BANGKOK -- Asian stock markets rebounded Wednesday as traders looked past bleak U.S. jobs data and Europe's debt crisis to scoop up bargains following a steep sell-off.
Oil prices lingered above $86 per barrel. The dollar fell against the euro and the yen.
Japan's Nikkei 225 index, which on Tuesday fell to its lowest level since April 2009, rose 1.7 percent to 8,734.42. A slightly softer yen helped Japan's powerhouse export sector recover from the beating it took earlier this week.
Mazda Motor Corp. jumped 3.4 percent, and Sony Corp. gained 2.7 percent. Toyota Motor Corp. rose 2.2 percent.

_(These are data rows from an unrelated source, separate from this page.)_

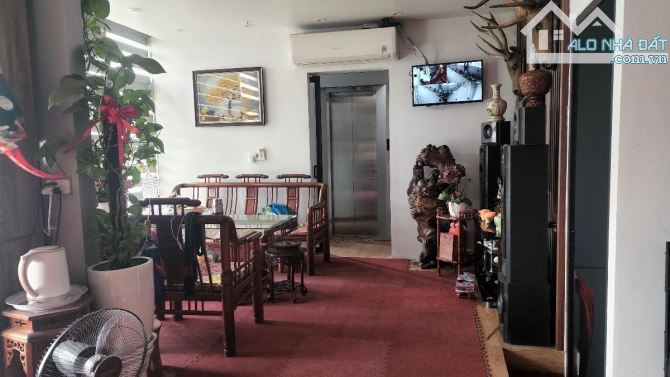 BÁN NHÀ SIÊU PHẨM -VIU HỒ-LÔ GÓC MAI ANH TUẤN  QUẬN ĐỐNG ĐA DT33 7 12 28TỈ - 8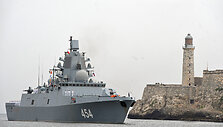 Rusijos fregata &bdquo;Admiral Gor&scaron;kov&ldquo; įplaukia į Havanos uostą 2024 m. birželio 12 d.
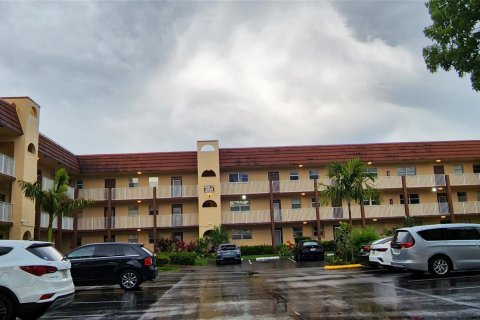 Copropriété à vendre à Sunrise, Floride: 2 chambres, 78.97 m2 № 1175206 - photo 4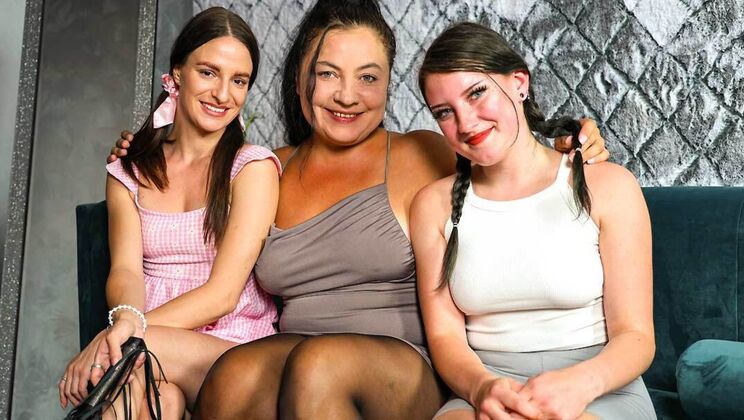 Grandmams - Christina Santes - Liliana Lily - Mari secret - Teaching girls / 20.09.2025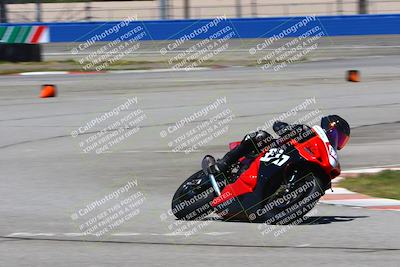 media/Apr-23-2022-Fastrack Riders (Sat) [[cb2d6ae73d]]/LEVEL 4/1PM TURN 6 OUTSIDE/
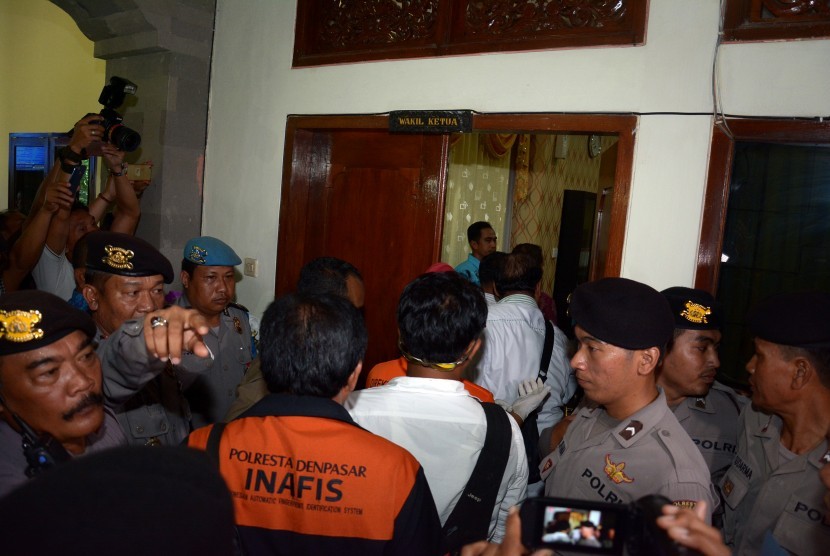 Polisi berjaga-jaga di depan ruang kerja Wakil Ketua DPRD Bali, Jro Komang Gede Swastika di Denpasar, Kamis (9/10). Polisi mencari sejumlah barang bukti untuk melengkapi berkas perkara pemeriksaan Jro Komang Gede Swatika yang sampai saat ini masih menjadi buron kasus narkoba pascamelarikan diri saat penggerebekan di kediamannya pada Jumat (3/11). 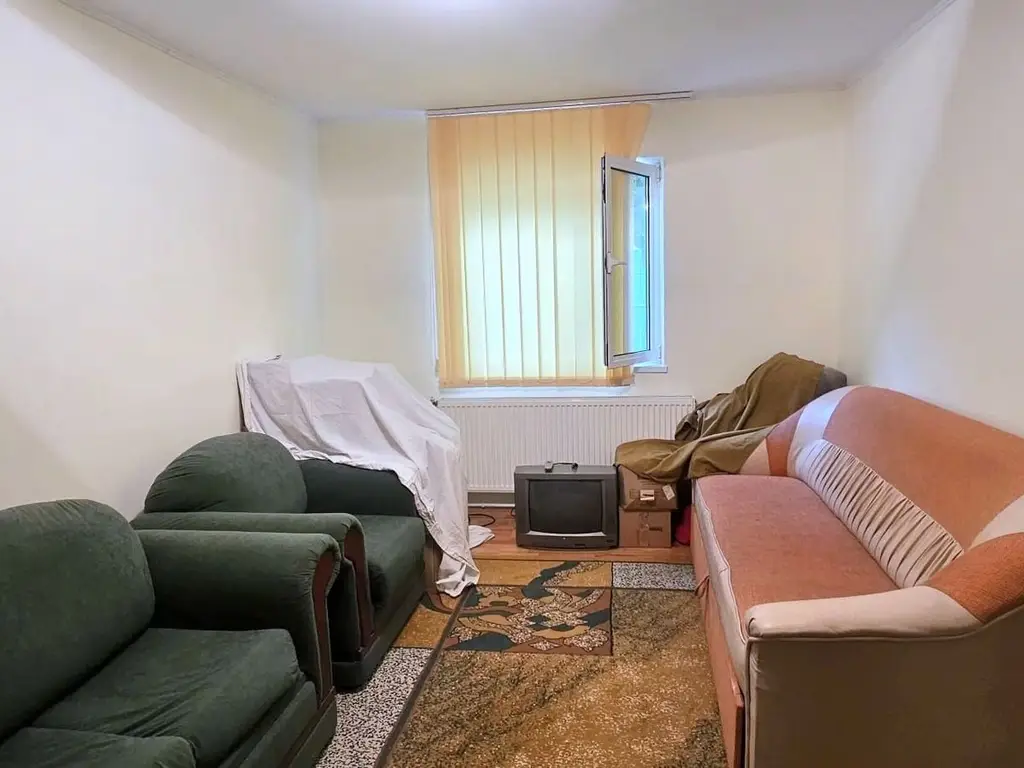 Casa la sol cu teren 1055 mp si livada - Vanatori, Galati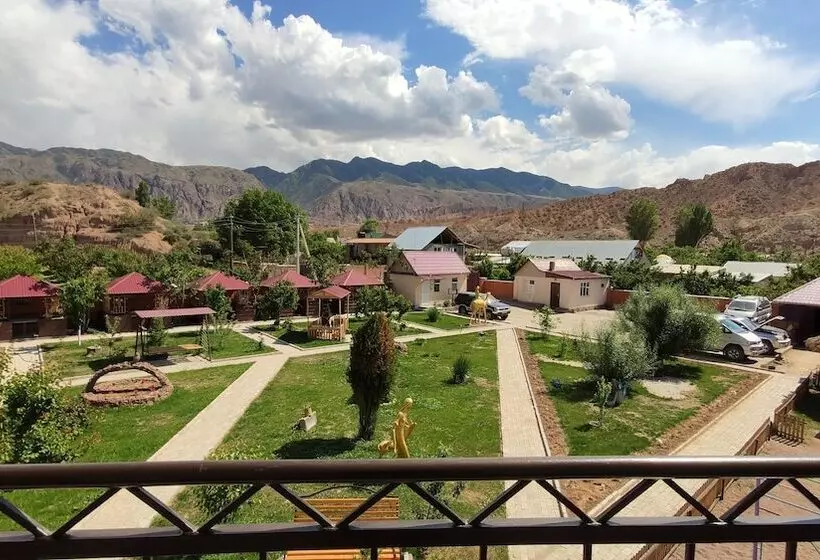 هتل Natalia Issyk Kul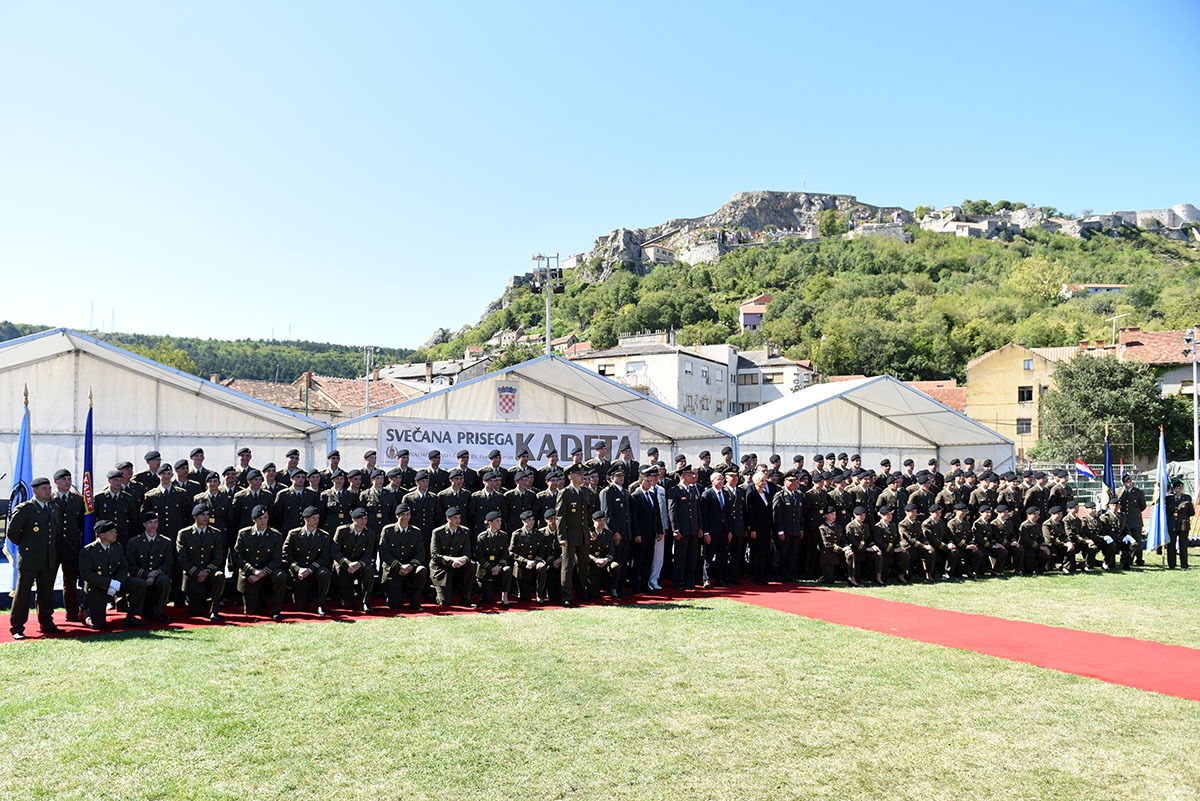 https://www.morh.hr/wp-content/gallery/17-narastaj-kadeta-polozio-svecanu-prisegu-u-kninu/prisega_kadeta_21092019_46.jpg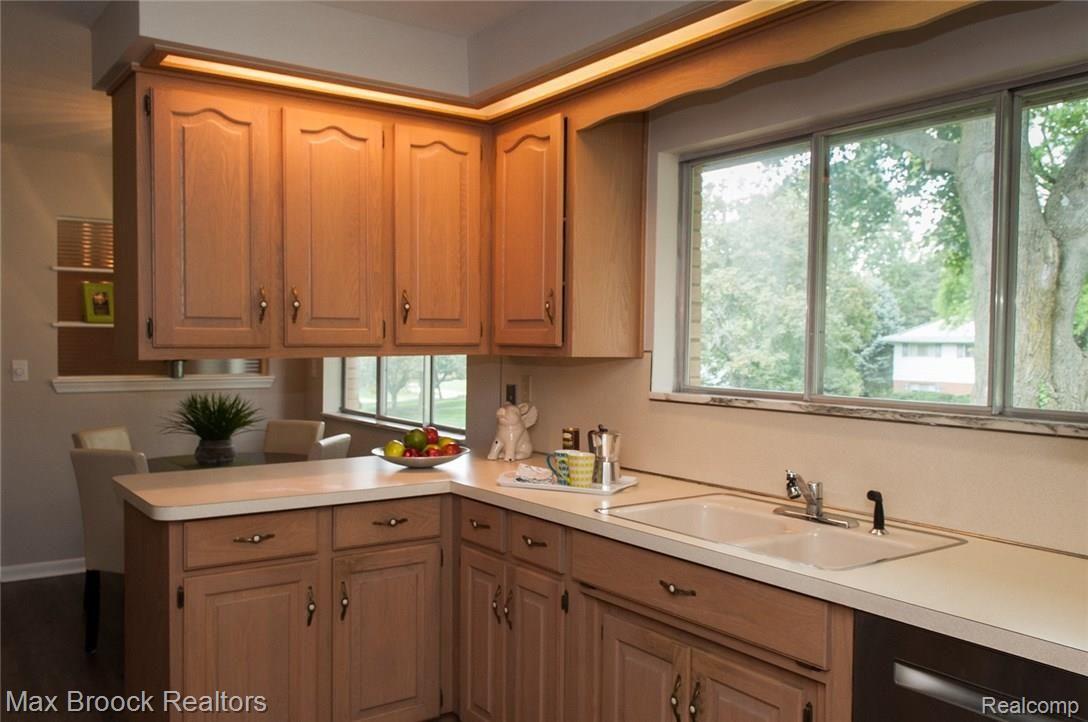 920 South Reading Road Bloomfield Hills, MI 48304 - Photo 10 of 32 042DSC_1561.jpg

Markets received further good news when the Australian government said the economy expanded 1.2 percent in the quarter through June, rebounding from a 0.9 percent contraction in the previous three months. Australia's S&P/ASX 200 gained 2.3 percent at 4,168.10.
South Korea's Kospi clawed back the prior day's losses to rise 2.7 percent at 1,814.60. Blue chip high-tech stocks were among those leading the way. Hynix Semiconductor, the world's second-largest memory chip maker, soared 7.4 percent. LG Electronics Inc., which ranks No. 2 globally in flat screen televisions, was 8.1 percent higher.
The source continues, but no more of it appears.